Sin embargo, la confesión de Pedro no significa que su fe fuera ya perfecta. De hecho, poco después, vemos a Pedro queriendo alejar a Jesús de la Pasión, y ganándose por esto la recriminación del Maestro. La vida de fe siempre puede crecer. Pedro seguirá luchando contra el miedo, contra una visión excesivamente humana de su misión, contra cierto desconocimiento del valor de la cruz y el sufrimiento. Hasta preguntará sobre una posible recompensa para quienes, como él, lo dejaron todo por seguir al Señor, se asustará en el Tabor e, incluso, renegará del Señor. En todos esos casos el Príncipe de los Apóstoles sabrá volver a Jesús. Aceptará sus reproches, buscará su mirada, confiará en su misericordia. La fe es un camino de humildad, que implica «confiarse a un amor misericordioso, que siempre acoge y perdona, que sostiene y orienta la existencia, que se manifiesta poderoso en su capacidad de enderezar lo torcido de nuestra historia» (Papa Francisco, Carta enc. Lumen fidei, 29-VI-2013, n. 13). La fe es conocimiento verdadero, luz, que también nos hace conscientes de la propia pequeñez, y destruye las falsas concepciones y los autoengaños. La fe nos hace humildes y sencillos: prepara esa materia prima que Dios necesita para hacernos santos, para que le ayudemos a transformar el mundo. Y así, «Pedro tiene que aprender que es débil y necesita perdón. Cuando finalmente se le cae la máscara y entiende la verdad de su corazón débil de pecador creyente, estalla en un llanto de arrepentimiento liberador. Tras este llanto ya está preparado para su misión» (Benedicto XVI, Audiencia general, 24-V-2006).
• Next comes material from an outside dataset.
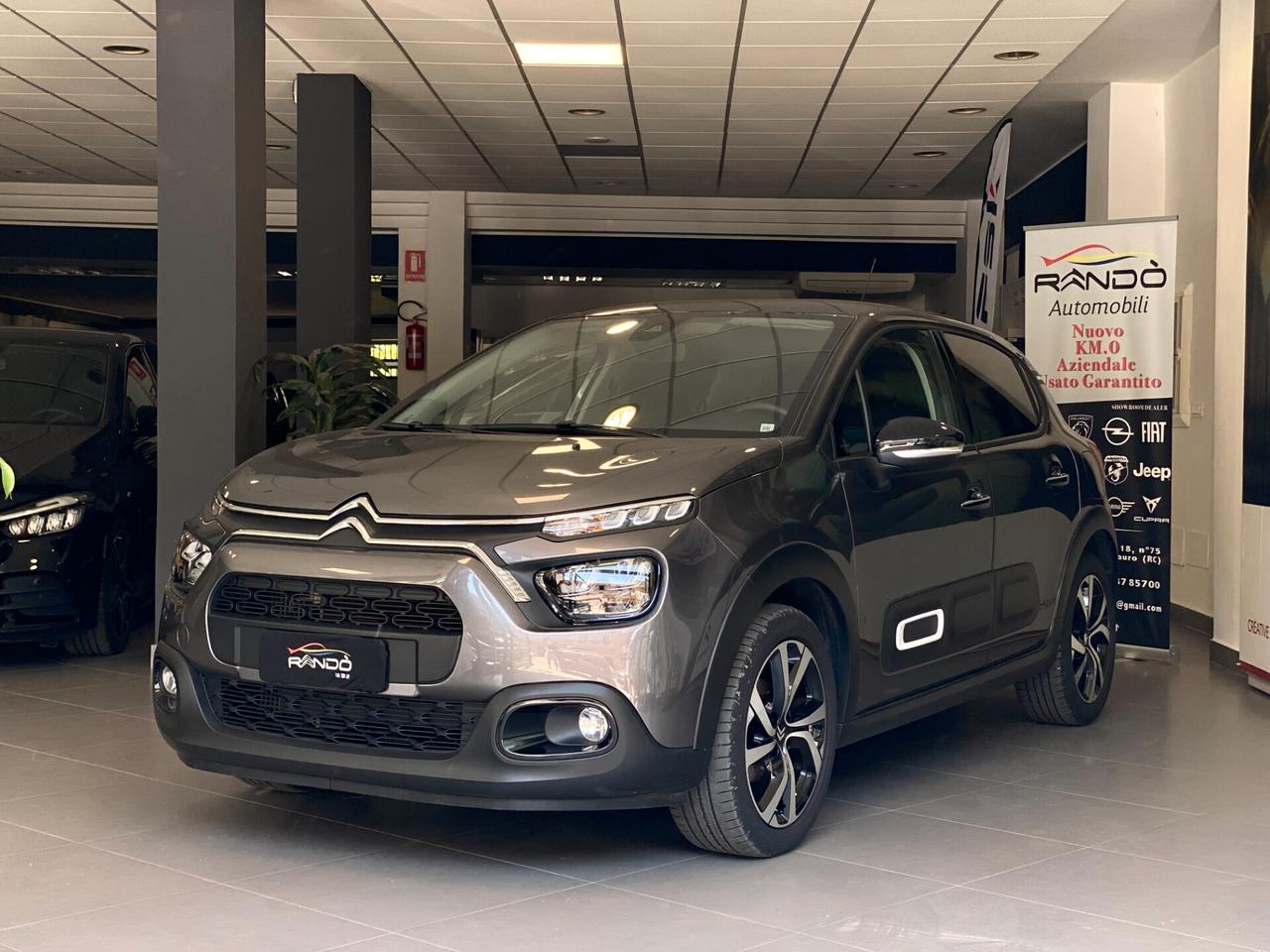 Citroen C3 1.5 BlueHDi 100 S&S Shine - GARANZIA CITROEN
Comprobar nuestra personal debilidad y darnos cuenta de que nuestra fe no es tan fuerte como quisiéramos no debe preocuparnos. El Señor quiere todo nuestro corazón, y no le importa que sea débil. Dios se conforma con que le demos todo lo que le podemos dar. De algún modo, podríamos pensar que es precisamente esta la última lección que Jesús enseña a san Pedro. Tras la resurrección, el Señor sale al encuentro de los apóstoles junto al mar de Tiberíades. Y allí pregunta a Pedro por tres veces: «Simón, hijo de Juan, ¿me amas más que éstos?». Las preguntas recordarían al apóstol su triple negación, y se entristecería ante la insistencia de Jesús, como si no se fiara ya de él. Pero al final entiende: a Jesús le basta el amor que Pedro es capaz de darle. Un amor quizá imperfecto −aunque debió de ser mucho más de lo que podemos imaginar, por la grandeza de corazón y de mente del pescador de Galilea−, pero Dios se adapta, por decirlo de algún modo, a la capacidad que cada uno tiene de amar, y eso es lo que nos hace capaces de seguir a Cristo hasta el final.
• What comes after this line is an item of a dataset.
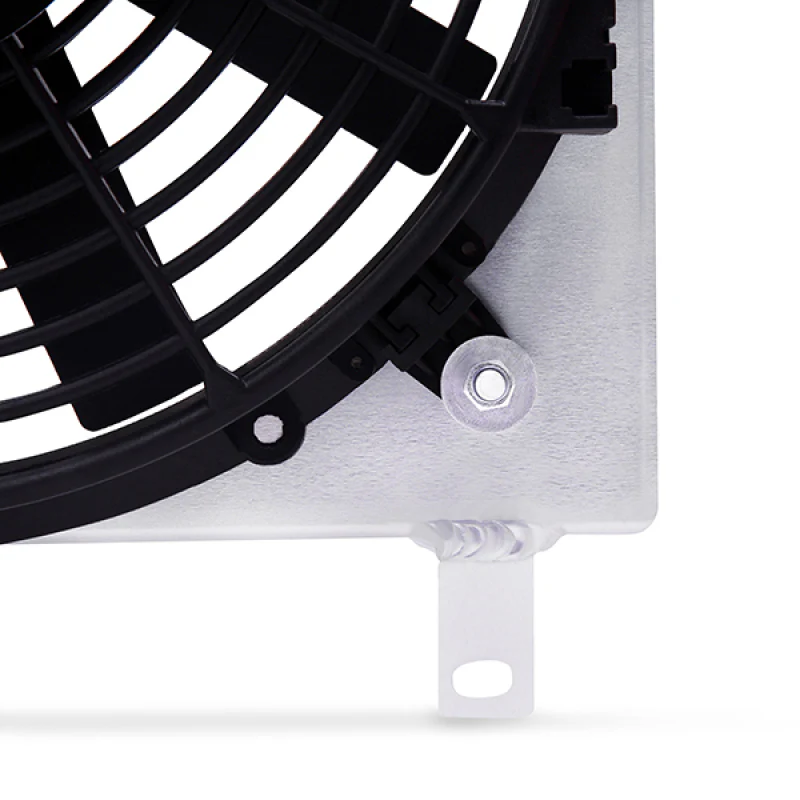 Mishimoto 90-97 Mazda Miata Aluminum Fan Shroud Kit - Image 10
«Desde aquel día, Pedro "siguió" al Maestro con la conciencia clara de su propia fragilidad; pero esta conciencia no lo desalentó, pues sabía que podía contar con la presencia del Resucitado a su lado. Del ingenuo entusiasmo de la adhesión inicial, pasando por la experiencia dolorosa de la negación y el llanto de la conversión, Pedro llegó a fiarse de ese Jesús que se adaptó a su pobre capacidad de amor. Y así también a nosotros nos muestra el camino, a pesar de toda nuestra debilidad. Sabemos que Jesús se adapta a nuestra debilidad. Nosotros lo seguimos con nuestra pobre capacidad de amor y sabemos que Él es bueno y nos acepta. Pedro tuvo que recorrer un largo camino hasta convertirse en testigo fiable, en "piedra" de la Iglesia, por estar constantemente abierto a la acción del Espíritu de Jesús» (Benedicto XVI, Audiencia general, 24-V-2006). Acudamos cada día a San Pedro, con más fe y admiración, para que interceda por nosotros: ¡San Pedro, ruega por nosotros!